The city of San Diego will be focused on budgeting this week, as Mayor Jerry Sanders begins unfurling his proposed spending plan for the coming year and the City Council continues to mull how it will oversee the cuts Sanders makes midyear.

Sanders’ budget proposal is slated to be released in its entirety Friday, but a press conference scheduled for this afternoon hints that the mayor will slowly unveil pieces he wants to highlight through the week, as he did last year. The budget is expected to reflect Sanders’ five-year financial forecast, which estimates an $87 million funding gap for the coming 2008 fiscal year.

Another budgeting issue will come up Tuesday, when the City Council chooses between two different pieces of legislation that would provide the council with more discretion over Sanders’ midyear budget cuts.

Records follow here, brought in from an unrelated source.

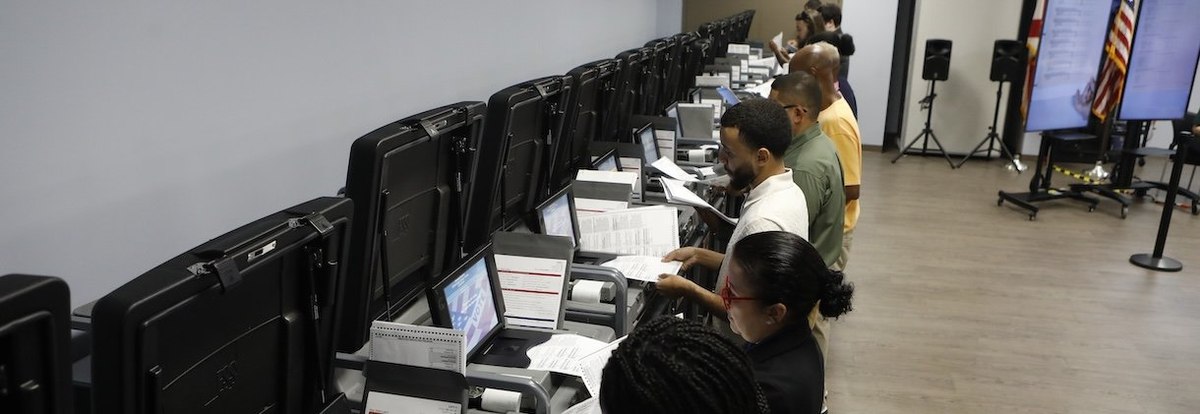 TAMPA, FLORIDA - OCTOBER 3: The Supervisor and Elections office staff run test ballots through the voting machines during a test run at the Supervisor of Elections Office in Tampa, Florida, on October 3, 2024. The canvassing board conducts a public test o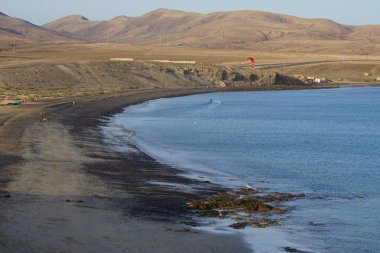 Bir uçurtma sörfçüsü, Matas Bay 'de, Matas de Blancas plajı boyunca sonbaharda Atlantik Okyanusu' nun dalgaları üzerinde sörf tahtasına biner. Uçurtma sörfü ya da uçurtma uçurmak rüzgar enerjisi gerektiren bir spordur. Costa Calma, Fuerteventura, Kanarya Adaları.
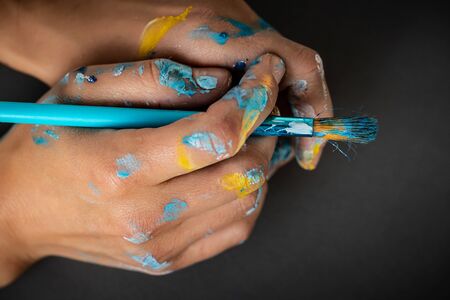 Close Up photo of a paint-stained painters hands holding paintbrushの写真素材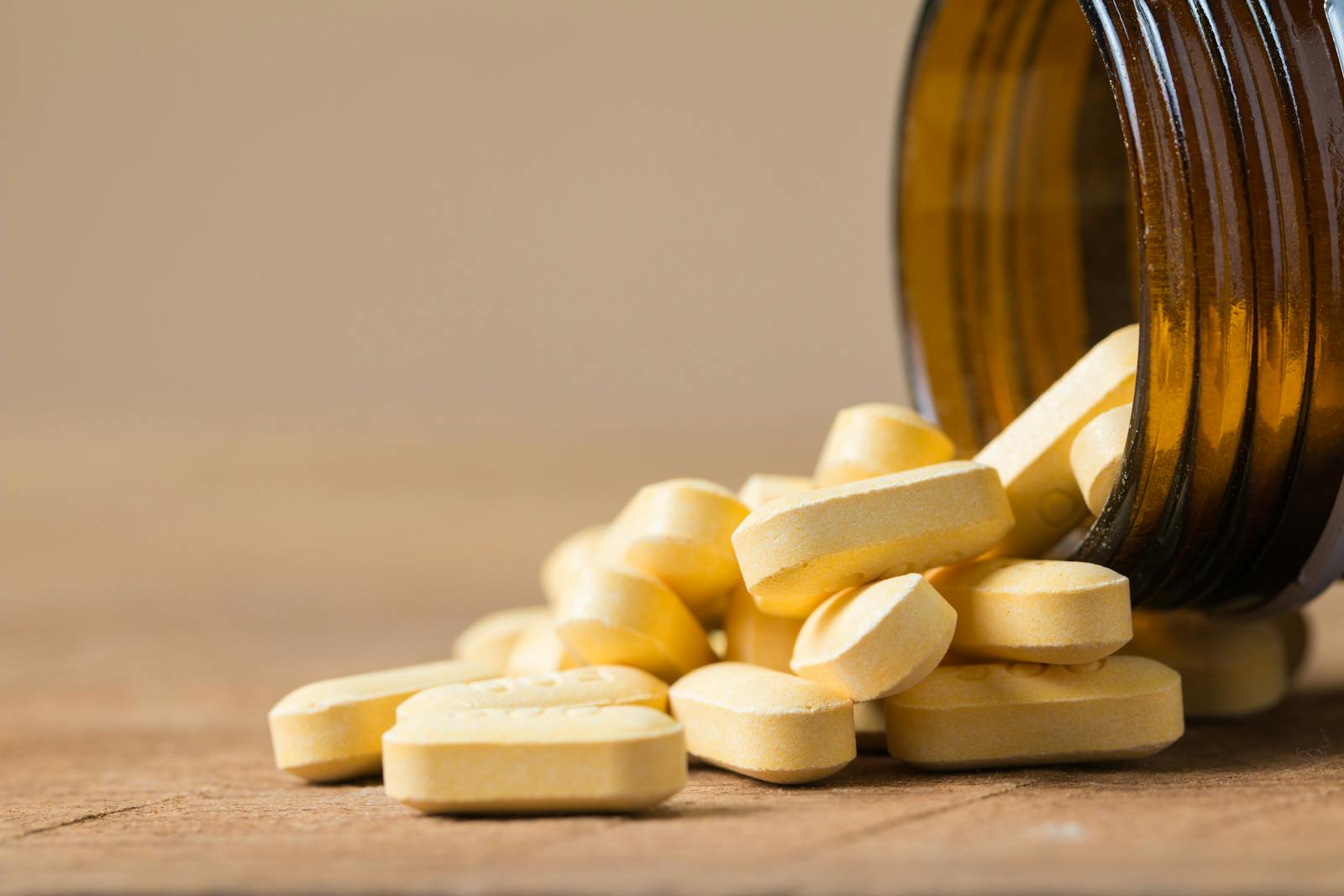 Vitamin tablets spilling from a brown bottle onto a wooden surface — a reminder that from October to March in the UK, supplementation is the practical fix for low Vitamin D.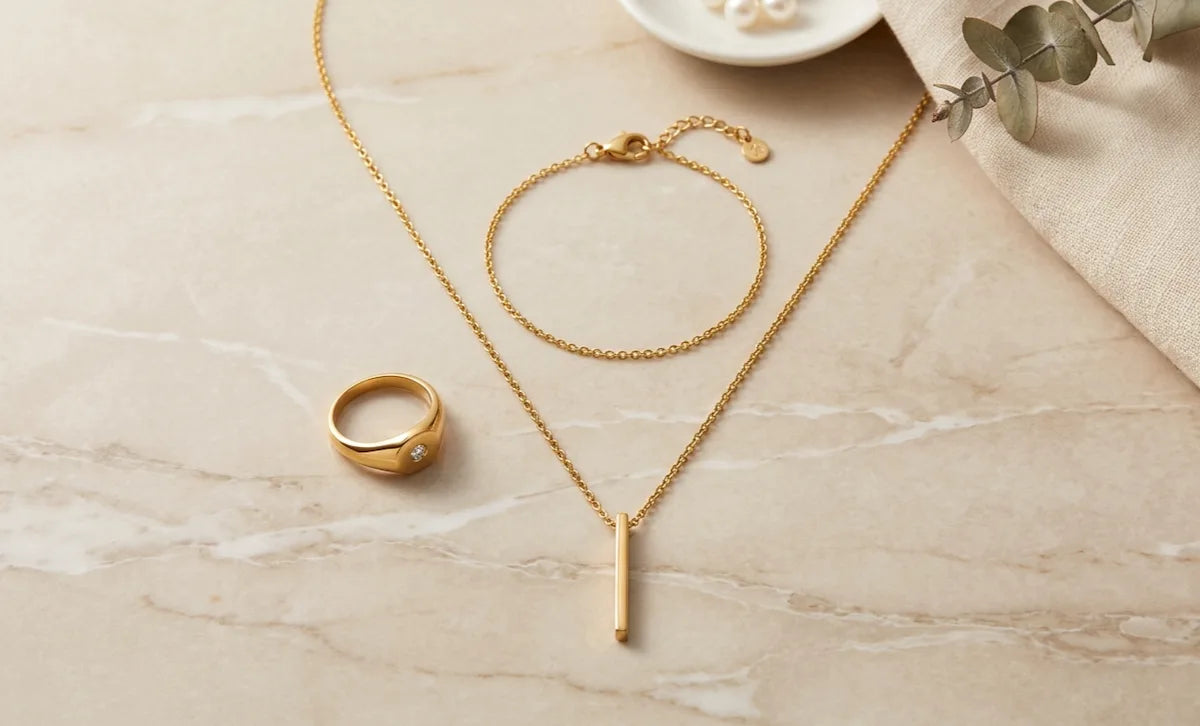 Collier, bracelet et bague dorés en acier inoxydable 316L disposés sur surface beige élégante, collection bijoux ZYORA.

The council tentatively approved a rule that would force the mayor to seek the council’s approval for any midyear cut that “materially or substantially” affects levels of service. But Sanders and some council members are proposing a compromise that would subject cuts above $4 million or 10 percent of a department’s budget to a council vote.

At Monday’s meeting, council members will consider adopting the 25-percent pay increases for themselves and the mayor that an independent commission recommended last year. The Salary Setting Commission, which is made up of private citizens, said the increases are needed in order to attract “interested, capable, hard-working people who do not possess independent wealth to run for office.” Sanders’ spokesman said the mayor is not supporting the proposed increase.

The council on Tuesday will also vote to settle a lawsuit brought by environmentalists. The group, Save Our Forests and Ranchlands, wants the city to study alternative transit concepts downtown, but the city refused to include the analysis in its update of the growth blueprint for the area last year. The settlement would require the new study.